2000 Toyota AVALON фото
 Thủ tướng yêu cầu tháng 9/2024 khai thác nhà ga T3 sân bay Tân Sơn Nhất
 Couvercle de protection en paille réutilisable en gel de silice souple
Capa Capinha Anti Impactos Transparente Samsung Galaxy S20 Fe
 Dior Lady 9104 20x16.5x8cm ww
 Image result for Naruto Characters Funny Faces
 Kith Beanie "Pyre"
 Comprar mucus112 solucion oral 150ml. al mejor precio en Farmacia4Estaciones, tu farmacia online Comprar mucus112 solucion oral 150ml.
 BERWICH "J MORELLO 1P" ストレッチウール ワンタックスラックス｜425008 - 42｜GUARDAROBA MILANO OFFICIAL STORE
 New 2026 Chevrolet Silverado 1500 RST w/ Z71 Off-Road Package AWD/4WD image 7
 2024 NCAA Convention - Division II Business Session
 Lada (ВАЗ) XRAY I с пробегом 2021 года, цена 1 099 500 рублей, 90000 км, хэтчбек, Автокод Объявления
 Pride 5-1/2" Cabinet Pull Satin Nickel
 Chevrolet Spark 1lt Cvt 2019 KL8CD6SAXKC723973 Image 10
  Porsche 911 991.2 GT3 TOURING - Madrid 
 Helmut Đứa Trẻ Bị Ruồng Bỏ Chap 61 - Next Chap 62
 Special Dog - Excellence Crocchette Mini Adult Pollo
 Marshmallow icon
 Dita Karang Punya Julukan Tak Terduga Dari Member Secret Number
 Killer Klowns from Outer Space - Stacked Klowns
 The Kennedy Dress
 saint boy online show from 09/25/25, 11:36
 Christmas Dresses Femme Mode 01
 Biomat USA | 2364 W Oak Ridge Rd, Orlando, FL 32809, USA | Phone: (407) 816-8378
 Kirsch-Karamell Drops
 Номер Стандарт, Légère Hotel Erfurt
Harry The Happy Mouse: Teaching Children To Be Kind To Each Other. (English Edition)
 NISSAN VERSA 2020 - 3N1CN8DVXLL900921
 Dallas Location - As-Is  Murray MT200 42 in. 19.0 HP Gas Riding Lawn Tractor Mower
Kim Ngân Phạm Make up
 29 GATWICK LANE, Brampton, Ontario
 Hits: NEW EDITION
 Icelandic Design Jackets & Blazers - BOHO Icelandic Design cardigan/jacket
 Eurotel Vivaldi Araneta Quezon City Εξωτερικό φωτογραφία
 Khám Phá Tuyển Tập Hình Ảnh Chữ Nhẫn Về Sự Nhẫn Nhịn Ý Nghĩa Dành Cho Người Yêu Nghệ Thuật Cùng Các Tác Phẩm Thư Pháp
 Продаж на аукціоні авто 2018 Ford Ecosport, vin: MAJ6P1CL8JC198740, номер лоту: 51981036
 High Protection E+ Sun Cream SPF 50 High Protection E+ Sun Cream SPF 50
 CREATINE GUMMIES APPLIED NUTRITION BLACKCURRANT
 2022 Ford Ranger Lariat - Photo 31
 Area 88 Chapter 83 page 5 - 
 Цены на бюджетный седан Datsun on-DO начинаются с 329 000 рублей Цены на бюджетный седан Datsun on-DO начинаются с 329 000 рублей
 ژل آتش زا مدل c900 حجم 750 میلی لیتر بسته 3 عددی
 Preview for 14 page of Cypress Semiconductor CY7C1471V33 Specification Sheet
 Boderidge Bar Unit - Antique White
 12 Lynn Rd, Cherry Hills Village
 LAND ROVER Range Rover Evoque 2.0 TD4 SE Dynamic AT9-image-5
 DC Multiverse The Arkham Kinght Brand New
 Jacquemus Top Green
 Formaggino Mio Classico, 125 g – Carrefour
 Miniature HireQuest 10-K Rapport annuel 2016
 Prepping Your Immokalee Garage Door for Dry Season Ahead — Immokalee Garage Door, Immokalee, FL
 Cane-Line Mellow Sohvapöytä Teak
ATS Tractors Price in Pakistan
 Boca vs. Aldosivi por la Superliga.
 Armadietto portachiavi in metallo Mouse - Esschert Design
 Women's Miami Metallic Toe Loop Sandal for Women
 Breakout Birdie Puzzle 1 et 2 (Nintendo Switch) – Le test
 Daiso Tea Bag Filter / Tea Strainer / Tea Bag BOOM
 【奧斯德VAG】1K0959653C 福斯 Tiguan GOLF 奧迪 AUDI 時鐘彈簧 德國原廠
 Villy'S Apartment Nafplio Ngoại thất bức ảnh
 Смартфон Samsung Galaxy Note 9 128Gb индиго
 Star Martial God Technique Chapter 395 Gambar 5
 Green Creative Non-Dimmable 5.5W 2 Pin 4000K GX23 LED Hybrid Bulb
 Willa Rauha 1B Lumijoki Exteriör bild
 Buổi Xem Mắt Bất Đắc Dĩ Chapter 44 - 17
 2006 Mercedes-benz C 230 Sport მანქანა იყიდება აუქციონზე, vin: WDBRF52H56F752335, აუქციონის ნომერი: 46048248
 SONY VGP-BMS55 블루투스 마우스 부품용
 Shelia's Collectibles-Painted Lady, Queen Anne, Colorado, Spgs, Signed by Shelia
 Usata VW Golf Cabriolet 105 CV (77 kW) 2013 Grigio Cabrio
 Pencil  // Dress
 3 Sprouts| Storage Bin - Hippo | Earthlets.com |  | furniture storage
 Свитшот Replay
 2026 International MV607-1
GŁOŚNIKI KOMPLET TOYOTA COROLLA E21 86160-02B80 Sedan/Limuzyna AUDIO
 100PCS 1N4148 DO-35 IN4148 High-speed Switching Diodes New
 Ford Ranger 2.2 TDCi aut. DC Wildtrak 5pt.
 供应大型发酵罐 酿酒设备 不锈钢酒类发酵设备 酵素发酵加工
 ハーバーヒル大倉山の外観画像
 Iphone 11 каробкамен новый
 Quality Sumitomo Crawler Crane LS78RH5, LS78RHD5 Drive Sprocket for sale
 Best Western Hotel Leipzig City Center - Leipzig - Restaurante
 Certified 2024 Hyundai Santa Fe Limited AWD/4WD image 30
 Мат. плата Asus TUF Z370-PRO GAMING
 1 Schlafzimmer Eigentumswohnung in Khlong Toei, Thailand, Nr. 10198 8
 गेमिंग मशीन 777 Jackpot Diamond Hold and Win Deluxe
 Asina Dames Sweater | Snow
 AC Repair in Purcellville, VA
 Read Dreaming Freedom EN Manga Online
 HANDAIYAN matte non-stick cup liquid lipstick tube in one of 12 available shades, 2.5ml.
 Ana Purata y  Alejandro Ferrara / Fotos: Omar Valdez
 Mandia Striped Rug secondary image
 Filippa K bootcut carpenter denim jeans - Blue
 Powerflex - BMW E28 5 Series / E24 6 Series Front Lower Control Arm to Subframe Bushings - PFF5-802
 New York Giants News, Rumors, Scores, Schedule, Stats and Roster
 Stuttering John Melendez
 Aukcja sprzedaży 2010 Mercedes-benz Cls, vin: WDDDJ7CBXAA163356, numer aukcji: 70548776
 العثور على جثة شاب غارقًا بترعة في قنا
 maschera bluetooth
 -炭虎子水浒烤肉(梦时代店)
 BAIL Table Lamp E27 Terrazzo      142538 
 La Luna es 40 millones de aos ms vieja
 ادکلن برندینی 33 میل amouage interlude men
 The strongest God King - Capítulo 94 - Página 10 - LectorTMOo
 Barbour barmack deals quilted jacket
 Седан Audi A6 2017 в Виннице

*About this task*.
Reproduce the listing above verbatim.

*Answer space*.
2000 Toyota AVALON фото
 Thủ tướng yêu cầu tháng 9/2024 khai thác nhà ga T3 sân bay Tân Sơn Nhất
 Couvercle de protection en paille réutilisable en gel de silice souple
Capa Capinha Anti Impactos Transparente Samsung Galaxy S20 Fe
 Dior Lady 9104 20x16.5x8cm ww
 Image result for Naruto Characters Funny Faces
 Kith Beanie "Pyre"
 Comprar mucus112 solucion oral 150ml. al mejor precio en Farmacia4Estaciones, tu farmacia online Comprar mucus112 solucion oral 150ml.
 BERWICH "J MORELLO 1P" ストレッチウール ワンタックスラックス｜425008 - 42｜GUARDAROBA MILANO OFFICIAL STORE
 New 2026 Chevrolet Silverado 1500 RST w/ Z71 Off-Road Package AWD/4WD image 7
 2024 NCAA Convention - Division II Business Session
 Lada (ВАЗ) XRAY I с пробегом 2021 года, цена 1 099 500 рублей, 90000 км, хэтчбек, Автокод Объявления
 Pride 5-1/2" Cabinet Pull Satin Nickel
 Chevrolet Spark 1lt Cvt 2019 KL8CD6SAXKC723973 Image 10
  Porsche 911 991.2 GT3 TOURING - Madrid 
 Helmut Đứa Trẻ Bị Ruồng Bỏ Chap 61 - Next Chap 62
 Special Dog - Excellence Crocchette Mini Adult Pollo
 Marshmallow icon
 Dita Karang Punya Julukan Tak Terduga Dari Member Secret Number
 Killer Klowns from Outer Space - Stacked Klowns
 The Kennedy Dress
 saint boy online show from 09/25/25, 11:36
 Christmas Dresses Femme Mode 01
 Biomat USA | 2364 W Oak Ridge Rd, Orlando, FL 32809, USA | Phone: (407) 816-8378
 Kirsch-Karamell Drops
 Номер Стандарт, Légère Hotel Erfurt
Harry The Happy Mouse: Teaching Children To Be Kind To Each Other. (English Edition)
 NISSAN VERSA 2020 - 3N1CN8DVXLL900921
 Dallas Location - As-Is  Murray MT200 42 in. 19.0 HP Gas Riding Lawn Tractor Mower
Kim Ngân Phạm Make up
 29 GATWICK LANE, Brampton, Ontario
 Hits: NEW EDITION
 Icelandic Design Jackets & Blazers - BOHO Icelandic Design cardigan/jacket
 Eurotel Vivaldi Araneta Quezon City Εξωτερικό φωτογραφία
 Khám Phá Tuyển Tập Hình Ảnh Chữ Nhẫn Về Sự Nhẫn Nhịn Ý Nghĩa Dành Cho Người Yêu Nghệ Thuật Cùng Các Tác Phẩm Thư Pháp
 Продаж на аукціоні авто 2018 Ford Ecosport, vin: MAJ6P1CL8JC198740, номер лоту: 51981036
 High Protection E+ Sun Cream SPF 50 High Protection E+ Sun Cream SPF 50
 CREATINE GUMMIES APPLIED NUTRITION BLACKCURRANT
 2022 Ford Ranger Lariat - Photo 31
 Area 88 Chapter 83 page 5 - 
 Цены на бюджетный седан Datsun on-DO начинаются с 329 000 рублей Цены на бюджетный седан Datsun on-DO начинаются с 329 000 рублей
 ژل آتش زا مدل c900 حجم 750 میلی لیتر بسته 3 عددی
 Preview for 14 page of Cypress Semiconductor CY7C1471V33 Specification Sheet
 Boderidge Bar Unit - Antique White
 12 Lynn Rd, Cherry Hills Village
 LAND ROVER Range Rover Evoque 2.0 TD4 SE Dynamic AT9-image-5
 DC Multiverse The Arkham Kinght Brand New
 Jacquemus Top Green
 Formaggino Mio Classico, 125 g – Carrefour
 Miniature HireQuest 10-K Rapport annuel 2016
 Prepping Your Immokalee Garage Door for Dry Season Ahead — Immokalee Garage Door, Immokalee, FL
 Cane-Line Mellow Sohvapöytä Teak
ATS Tractors Price in Pakistan
 Boca vs. Aldosivi por la Superliga.
 Armadietto portachiavi in metallo Mouse - Esschert Design
 Women's Miami Metallic Toe Loop Sandal for Women
 Breakout Birdie Puzzle 1 et 2 (Nintendo Switch) – Le test
 Daiso Tea Bag Filter / Tea Strainer / Tea Bag BOOM
 【奧斯德VAG】1K0959653C 福斯 Tiguan GOLF 奧迪 AUDI 時鐘彈簧 德國原廠
 Villy'S Apartment Nafplio Ngoại thất bức ảnh
 Смартфон Samsung Galaxy Note 9 128Gb индиго
 Star Martial God Technique Chapter 395 Gambar 5
 Green Creative Non-Dimmable 5.5W 2 Pin 4000K GX23 LED Hybrid Bulb
 Willa Rauha 1B Lumijoki Exteriör bild
 Buổi Xem Mắt Bất Đắc Dĩ Chapter 44 - 17
 2006 Mercedes-benz C 230 Sport მანქანა იყიდება აუქციონზე, vin: WDBRF52H56F752335, აუქციონის ნომერი: 46048248
 SONY VGP-BMS55 블루투스 마우스 부품용
 Shelia's Collectibles-Painted Lady, Queen Anne, Colorado, Spgs, Signed by Shelia
 Usata VW Golf Cabriolet 105 CV (77 kW) 2013 Grigio Cabrio
 Pencil  // Dress
 3 Sprouts| Storage Bin - Hippo | Earthlets.com |  | furniture storage
 Свитшот Replay
 2026 International MV607-1
GŁOŚNIKI KOMPLET TOYOTA COROLLA E21 86160-02B80 Sedan/Limuzyna AUDIO
 100PCS 1N4148 DO-35 IN4148 High-speed Switching Diodes New
 Ford Ranger 2.2 TDCi aut. DC Wildtrak 5pt.
 供应大型发酵罐 酿酒设备 不锈钢酒类发酵设备 酵素发酵加工
 ハーバーヒル大倉山の外観画像
 Iphone 11 каробкамен новый
 Quality Sumitomo Crawler Crane LS78RH5, LS78RHD5 Drive Sprocket for sale
 Best Western Hotel Leipzig City Center - Leipzig - Restaurante
 Certified 2024 Hyundai Santa Fe Limited AWD/4WD image 30
 Мат. плата Asus TUF Z370-PRO GAMING
 1 Schlafzimmer Eigentumswohnung in Khlong Toei, Thailand, Nr. 10198 8
 गेमिंग मशीन 777 Jackpot Diamond Hold and Win Deluxe
 Asina Dames Sweater | Snow
 AC Repair in Purcellville, VA
 Read Dreaming Freedom EN Manga Online
 HANDAIYAN matte non-stick cup liquid lipstick tube in one of 12 available shades, 2.5ml.
 Ana Purata y  Alejandro Ferrara / Fotos: Omar Valdez
 Mandia Striped Rug secondary image
 Filippa K bootcut carpenter denim jeans - Blue
 Powerflex - BMW E28 5 Series / E24 6 Series Front Lower Control Arm to Subframe Bushings - PFF5-802
 New York Giants News, Rumors, Scores, Schedule, Stats and Roster
 Stuttering John Melendez
 Aukcja sprzedaży 2010 Mercedes-benz Cls, vin: WDDDJ7CBXAA163356, numer aukcji: 70548776
 العثور على جثة شاب غارقًا بترعة في قنا
 maschera bluetooth
 -炭虎子水浒烤肉(梦时代店)
 BAIL Table Lamp E27 Terrazzo      142538 
 La Luna es 40 millones de aos ms vieja
 ادکلن برندینی 33 میل amouage interlude men
 The strongest God King - Capítulo 94 - Página 10 - LectorTMOo
 Barbour barmack deals quilted jacket
 Седан Audi A6 2017 в Виннице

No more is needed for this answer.